Houston Public Library launched its latest self-service kiosk, and first in an airport, on Nov. 16. As of Monday, there had been about 20 check-outs from the "BOOKLink" machine, which offers 100-plus titles in a variety of genres as well as more than 500 e-books and audiobooks, according to Patrick Atkins, the library system's deputy assistant director over materials.

"So far, it's done well," he said. "That's about what we expected (in terms of initial usage), actually probably more than we expected. If people don't know what it is and they're not really prepared with their (library) card number, it's going to be difficult to get physical books. So I would think it would be sort of a slow burn, where more and more people over several months learn about it and know that it's there, and it'll ramp up from there."

Users must have Houston Public Library cards, which are free for Texas residents, to check out traditional paper books from the BOOKLink kiosk, which is the fifth unveiled by the library system since 2019. Atkins said the Hobby Airport location is the first to offer e-books and audiobooks to non-cardholders, who can make up to three checkouts by using an email address.

The kiosks, which operate like vending machines, are part of the library system's community outreach and the citywide "One Houston, One Book" initiative to promote literacy, diversity and literary equity. Atkins said the hope is to eventually stand up a kiosk at Bush Intercontinental Airport, which is the city's largest airport.

The other "BOOKLink" machines are at the new Alief Community Center, the One Allen Center office building downtown and at TECHLink Dixon.
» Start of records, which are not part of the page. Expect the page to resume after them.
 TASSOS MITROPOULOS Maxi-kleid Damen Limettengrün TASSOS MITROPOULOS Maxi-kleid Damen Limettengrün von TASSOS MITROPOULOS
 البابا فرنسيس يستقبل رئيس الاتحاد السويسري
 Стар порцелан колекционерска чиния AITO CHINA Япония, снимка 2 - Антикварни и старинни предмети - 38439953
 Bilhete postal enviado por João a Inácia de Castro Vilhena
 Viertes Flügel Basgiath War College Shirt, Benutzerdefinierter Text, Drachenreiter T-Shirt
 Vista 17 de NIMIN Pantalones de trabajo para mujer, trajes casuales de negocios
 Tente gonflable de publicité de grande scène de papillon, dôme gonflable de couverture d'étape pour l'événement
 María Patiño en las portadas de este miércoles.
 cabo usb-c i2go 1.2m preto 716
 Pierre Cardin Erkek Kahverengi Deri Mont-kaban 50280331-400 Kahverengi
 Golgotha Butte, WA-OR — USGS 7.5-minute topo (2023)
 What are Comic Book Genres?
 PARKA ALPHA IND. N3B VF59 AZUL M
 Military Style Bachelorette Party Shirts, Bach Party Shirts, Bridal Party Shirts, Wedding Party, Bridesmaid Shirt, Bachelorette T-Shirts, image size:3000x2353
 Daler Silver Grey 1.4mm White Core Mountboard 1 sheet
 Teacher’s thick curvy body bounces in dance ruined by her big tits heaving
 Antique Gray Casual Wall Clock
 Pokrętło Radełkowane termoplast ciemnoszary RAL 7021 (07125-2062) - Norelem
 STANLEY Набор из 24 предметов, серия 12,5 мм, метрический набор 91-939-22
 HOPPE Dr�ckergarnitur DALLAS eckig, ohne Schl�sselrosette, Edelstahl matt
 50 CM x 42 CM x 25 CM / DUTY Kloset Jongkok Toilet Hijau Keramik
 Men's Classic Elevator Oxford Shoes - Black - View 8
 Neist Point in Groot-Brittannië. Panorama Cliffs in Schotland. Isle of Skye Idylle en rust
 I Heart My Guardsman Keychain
"It's just one of our long-term goals to provide services and resources inside the airports," Atkins said. "We'll see how this goes as a pilot."

The machine at Hobby contains five rows of 20-25 books apiece, and they are geared toward both children and adults, with a mix of fiction and non-fiction titles as well as some new releases, according to Atkins. Users can access them by scanning their library card or entering their library card number and then providing a PIN number to open the door and take the books of their choice (library card holders are allowed to borrow as many as 50 books at one time).

The check-out period is three weeks, just like at Houston Public Library branches, and the books can be returned to either the BOOKLink kiosk or to any library system location. Atkins said the machine's inventory will be electronically monitored after each checkout, and it will be restocked as needed by library staff.

Atkins said those without library cards, who might not live in the Houston area, can check out free e-books or audiobooks, in either English or Spanish, by providing their email address. After three such checkouts, Atkins said those users must obtain a Houston Public Library card before continuing to use the service.

Library cards can be obtained online, including at the BOOKLink kiosks, and are free for Texas residents. Those outside the state can purchase cards for $20 for a six-month period, according to Atkins.

Atkins declined to say how much money the library system spent on the kiosk at Hobby, which is located inside the main airport entrance near the escalators and TSA screening area. For Houston Airports, which operates both Bush and Hobby, there are no costs associated with having the machine, according to Liliana Rambo, the chief terminal management officer for Houston Airports.

Rambo said the BOOKLink kiosk benefits both travelers and airport workers and enhances the experience at Hobby, which in 2022 became the first North American airport to receive a 5-star rating from Skytrax.

"Literature can open the reader to a new world of ideas, experiences, cultures and understanding," Rambo said. "Books, like airplanes, have the ability of transporting the reader to far-off places where new adventures can tug at the heartstrings or get hearts pounding. It's important that Houston Airports joins the Houston Public Library in its mission to expand the library's reach, and the ease and accessibility of the BOOKLink kiosks allows us that opportunity to offer support."